I had been wondering
for eighteen years on what my life would be. Now look at it. I’d like to say it
was what I imagined but it wasn’t.

After that day with
Dylan, Drew bought me a plane tick home. I went back to Washington but I didn’t
go home. Instead, I drove up to Seattle with my $750 that I had left.

I was sitting in a
small coffee shop ready to pick out a corner again, only this time to live on
when I met Avery Weber, a photographer of all people.

She gave me a place to
stay and helped me sell some photos. It seemed too good to be true but Avery
was what I needed to get over that summer. I never went to Dartmouth, I gave
that life up. I never talked to my parents but I did see Jeb.
I couldn’t not see him.
He didn’t blame me for leaving the
sweet
boy,
he tried to give me money. We kept in touch
now and then he snuck up here to see me with friends. My parents never knew. As
far as they were concerned, I was no longer their daughter. It’s a shame but
they made it that way.

I thought about that
summer all the time.

It was a summer of
tears, laughter, colors that bled lies, denying the
truth,
it was the kind of love that knew no bounds, tangled emotions that were strong.

I saw colors that
summer I had never seen before, ones that gave me hope where others were dark
enough to give me chills and frighten my soul with their storm.

I have a phone now but
I have very few contacts in it.

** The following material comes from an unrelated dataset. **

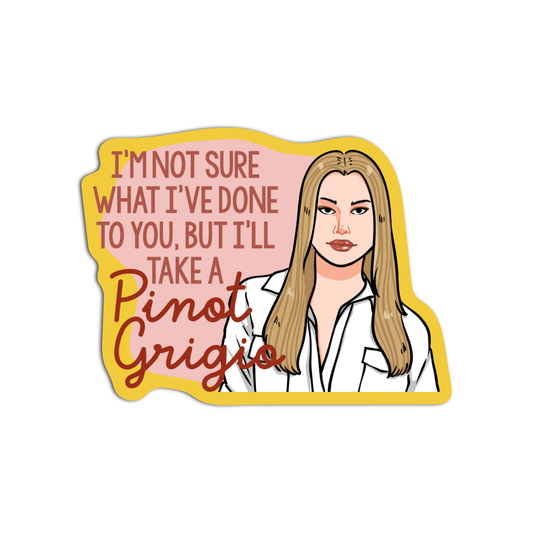 I'm not sure what I've done Vanderpump Rules Stickers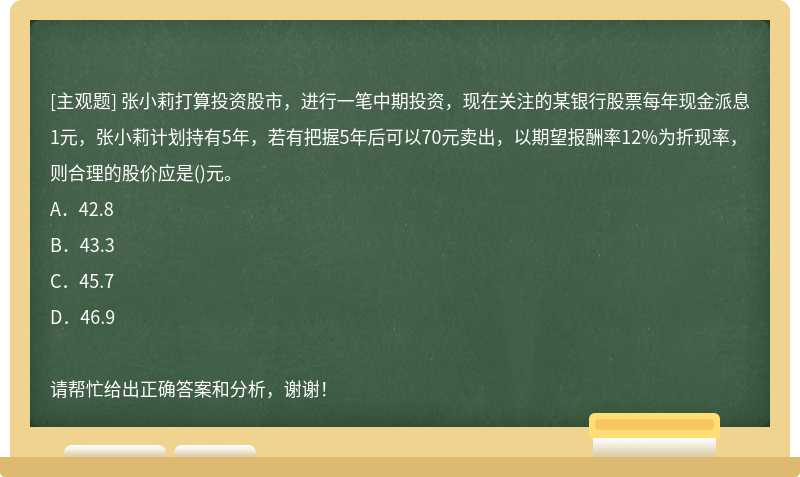 张小莉打算投资股市，进行一笔中期投资，现在关注的某银行股票每年现金派息1元，张小莉计划持有5年，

One number appears frequently and I know how he
got it. Megan. We kept in touch. It was now December and he called twice, both
times I didn’t answer. He never left a message and I didn’t expect him to.
Dylan wasn’t the type of guy to leave a message.

Sitting in a local
Starbucks in downtown Seattle near the pier, I contemplated a few places to
take some shots this weekend. Avery and I traveled up the coast a few times
this month and got some really good sunsets, my specialty in photography, but
they never had the same effect on me anymore.

“Bailey? Is that you?”
I recognized the voice, my eyes shifted through the line to Kasey. Shocked I
stared at him for a moment before his smiled broke through and brought me back.

Removing himself from
the line, he came over to the table I was at near the window. “It’s really
great to see you, Bailey.”

“You
too Kasey.”
I stood and wrapped my arms around his broad shoulders. It
was the first time I’d hugged another guy since I left Dylan.

Kasey got back in line
to get some coffee and then came over to sit with me. We talked about that
summer and why I left. I told him about my dad and what he had done to Dylan’s
mom. He said he assumed something along those lines with how quickly the accident
had been covered up. We may have only been ten at the time but it was obvious
that something wasn’t quite right with it.